I tried myself, only to find that someone was holding the door closed. “What the hell?”  I knocked with emphasis (read: pounded my fist). 

My guest was now dancing a little “gotta pee” jig and looked at me with an expression somewhere between pity and fear—probably fear for whoever was on the other side of that door.  He slipped by me and toward the bathroom at the other end of the house and politely said, “It’s okay.  I’ll just find another bathroom.”

I pounded again and Marc opened the door.  “What the fuck?” 

“Me and Svetlana were in here.  Sorry.”

I felt my blood pressure rise as Marc slipped into the crowd.  I followed him into his office.

Again, I asked, “What the fuck?”

“Nothing was going on.  I was counting money for the DJ and Svetlana was by the door.  I have no idea why she held it closed.”

“Not cool.  I don’t want to talk about it now, but totally not cool.”

I walked away and rejoined the party.  As I was mixing drinks at our counter, Svetlana slipped out of our bedroom and joined a group of her friends. 

The next day, I asked Marc what happened in the bedroom and why he or Svetlana held the door closed.  He said that he didn’t really remember but that they probably kissed a little bit.  I asked him if it would be okay if I sent a message to Svetlana to ask her what happened.  He said, “Sure.”

I sent Svetlana a message, and she responded with an apology and an explanation.  I told her in no uncertain terms that blocking me from entering my and Marc’s bedroom while he and she are in there is unacceptable.  I also requested that they don’t sneak off to be alone while I’m in the house.  She agreed, apologized, said she totally understood, and that it would never happen again.  Later that day, she sent a message to Marc apologizing to him.  And that was that.

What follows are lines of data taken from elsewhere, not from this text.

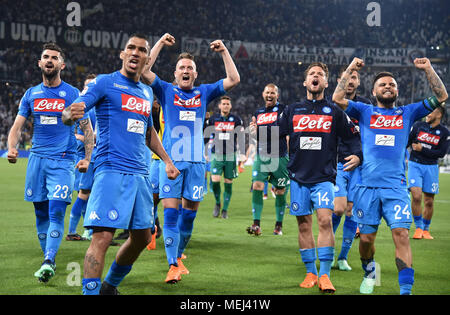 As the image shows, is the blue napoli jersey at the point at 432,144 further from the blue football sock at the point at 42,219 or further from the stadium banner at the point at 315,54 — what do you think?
the stadium banner at the point at 315,54

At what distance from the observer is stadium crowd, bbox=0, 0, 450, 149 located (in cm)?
3378

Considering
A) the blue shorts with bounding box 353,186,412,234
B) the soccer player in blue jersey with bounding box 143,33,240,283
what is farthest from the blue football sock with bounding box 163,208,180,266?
the blue shorts with bounding box 353,186,412,234

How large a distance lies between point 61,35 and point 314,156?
31.4 m

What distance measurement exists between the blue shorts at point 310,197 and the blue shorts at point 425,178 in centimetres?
452

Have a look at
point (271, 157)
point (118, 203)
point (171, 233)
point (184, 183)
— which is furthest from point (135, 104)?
point (271, 157)

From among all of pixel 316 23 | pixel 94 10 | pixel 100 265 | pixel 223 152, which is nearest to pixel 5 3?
pixel 94 10

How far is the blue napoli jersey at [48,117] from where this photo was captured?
5.70 metres

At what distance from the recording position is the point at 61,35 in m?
33.0

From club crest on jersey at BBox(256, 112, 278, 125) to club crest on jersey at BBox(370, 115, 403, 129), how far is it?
13.0 ft

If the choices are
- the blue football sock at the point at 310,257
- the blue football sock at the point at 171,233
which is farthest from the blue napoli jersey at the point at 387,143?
the blue football sock at the point at 171,233

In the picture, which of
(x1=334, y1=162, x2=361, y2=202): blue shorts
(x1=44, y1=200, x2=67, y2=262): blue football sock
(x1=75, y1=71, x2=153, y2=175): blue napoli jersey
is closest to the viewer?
(x1=75, y1=71, x2=153, y2=175): blue napoli jersey

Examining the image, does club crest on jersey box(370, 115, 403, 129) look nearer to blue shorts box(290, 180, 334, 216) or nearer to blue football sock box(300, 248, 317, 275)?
blue shorts box(290, 180, 334, 216)

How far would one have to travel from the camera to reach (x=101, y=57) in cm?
3662

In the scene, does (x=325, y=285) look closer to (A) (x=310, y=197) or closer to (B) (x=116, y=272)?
(A) (x=310, y=197) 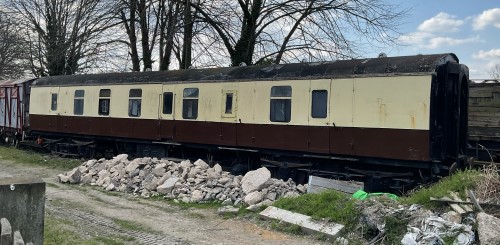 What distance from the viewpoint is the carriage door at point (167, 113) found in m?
15.8

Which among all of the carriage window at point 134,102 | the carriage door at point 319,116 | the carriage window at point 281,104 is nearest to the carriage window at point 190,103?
the carriage window at point 134,102

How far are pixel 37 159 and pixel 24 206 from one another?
16.4 m

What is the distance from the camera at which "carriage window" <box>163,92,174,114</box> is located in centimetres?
1580

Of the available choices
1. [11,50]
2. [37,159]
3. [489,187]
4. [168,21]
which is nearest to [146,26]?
[168,21]

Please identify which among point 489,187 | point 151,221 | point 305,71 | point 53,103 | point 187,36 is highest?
point 187,36

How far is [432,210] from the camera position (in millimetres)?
7762

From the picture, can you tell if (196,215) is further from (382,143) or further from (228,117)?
(228,117)

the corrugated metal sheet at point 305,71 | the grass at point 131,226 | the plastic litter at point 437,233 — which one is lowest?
the grass at point 131,226

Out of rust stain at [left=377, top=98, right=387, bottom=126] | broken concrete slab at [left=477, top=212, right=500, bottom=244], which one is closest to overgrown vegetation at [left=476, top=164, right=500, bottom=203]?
broken concrete slab at [left=477, top=212, right=500, bottom=244]

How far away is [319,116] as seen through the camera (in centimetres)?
1233

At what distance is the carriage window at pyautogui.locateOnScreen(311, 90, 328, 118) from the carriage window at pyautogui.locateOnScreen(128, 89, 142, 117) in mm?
6959

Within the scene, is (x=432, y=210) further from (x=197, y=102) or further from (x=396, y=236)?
(x=197, y=102)

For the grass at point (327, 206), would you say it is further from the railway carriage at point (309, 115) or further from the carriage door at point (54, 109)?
the carriage door at point (54, 109)

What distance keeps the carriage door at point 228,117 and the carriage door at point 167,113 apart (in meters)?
2.13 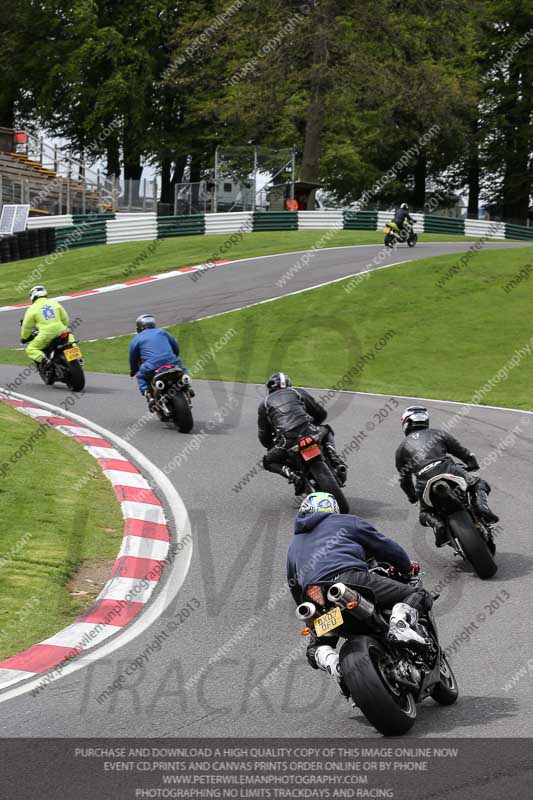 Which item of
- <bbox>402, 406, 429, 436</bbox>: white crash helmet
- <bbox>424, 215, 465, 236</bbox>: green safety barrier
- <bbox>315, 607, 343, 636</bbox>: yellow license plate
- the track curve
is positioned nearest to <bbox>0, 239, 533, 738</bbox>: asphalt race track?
the track curve

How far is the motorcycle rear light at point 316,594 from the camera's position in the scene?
20.4 feet

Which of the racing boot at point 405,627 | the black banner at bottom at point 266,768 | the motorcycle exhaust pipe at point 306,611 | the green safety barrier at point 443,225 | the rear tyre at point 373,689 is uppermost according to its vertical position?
the motorcycle exhaust pipe at point 306,611

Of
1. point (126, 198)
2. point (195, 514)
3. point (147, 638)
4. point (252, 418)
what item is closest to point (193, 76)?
point (126, 198)

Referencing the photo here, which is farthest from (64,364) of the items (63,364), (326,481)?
(326,481)

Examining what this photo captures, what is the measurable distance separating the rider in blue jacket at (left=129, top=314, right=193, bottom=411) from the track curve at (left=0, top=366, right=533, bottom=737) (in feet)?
5.47

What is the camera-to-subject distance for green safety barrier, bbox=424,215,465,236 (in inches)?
1764

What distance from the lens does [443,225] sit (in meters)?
45.1

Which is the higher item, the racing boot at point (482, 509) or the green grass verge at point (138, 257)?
the racing boot at point (482, 509)

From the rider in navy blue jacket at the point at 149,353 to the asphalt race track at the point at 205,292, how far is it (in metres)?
8.74

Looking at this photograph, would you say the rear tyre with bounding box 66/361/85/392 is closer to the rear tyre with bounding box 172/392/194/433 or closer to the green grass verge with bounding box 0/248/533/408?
the green grass verge with bounding box 0/248/533/408

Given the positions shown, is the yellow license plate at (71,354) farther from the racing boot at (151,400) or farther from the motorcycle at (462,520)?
the motorcycle at (462,520)

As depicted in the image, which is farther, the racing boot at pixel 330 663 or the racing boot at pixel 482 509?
the racing boot at pixel 482 509

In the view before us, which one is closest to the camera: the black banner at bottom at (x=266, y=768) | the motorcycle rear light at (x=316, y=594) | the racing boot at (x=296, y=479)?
the black banner at bottom at (x=266, y=768)

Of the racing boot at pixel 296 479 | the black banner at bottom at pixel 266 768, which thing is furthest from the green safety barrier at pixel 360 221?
the black banner at bottom at pixel 266 768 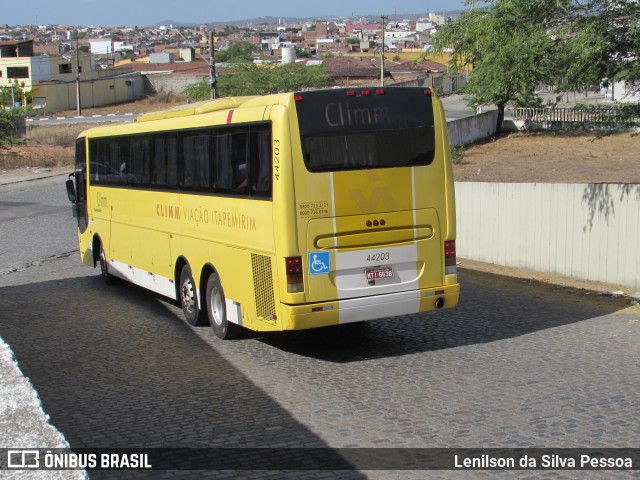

So, what was that like?  What went wrong, and how might all of us do things differently?

Mimi:
What’s it like when Marc and/or his partner(s) do something that you perceive as a “mistake”?  (We’ll flip this one too and write a future blog about Mimi and her lover(s) doing something that Marc perceives as a mistake.)

I’ve been thinking a lot about rules lately.  Setting down rules, I think, can sometimes be a quick and easy way to mask or avoid insecurities rather than deal with and express them. 

Looking back, I did think of what might go wrong with Svetlana at our party.  To be specific, I thought about how terrifying it would be to me if Marc and Svetlana were arm in arm the whole night, giggling with each other and our guests, and wandering off to be “alone” (read: not with me).  I’m the sort of person who tends to play out the worst-case scenario in my mind so, if it happens, I feel like I have some semblance of control and a plan.  This works great for mountaineering or triathlon.  When doing an open relationship and polyamory?  Not so much. 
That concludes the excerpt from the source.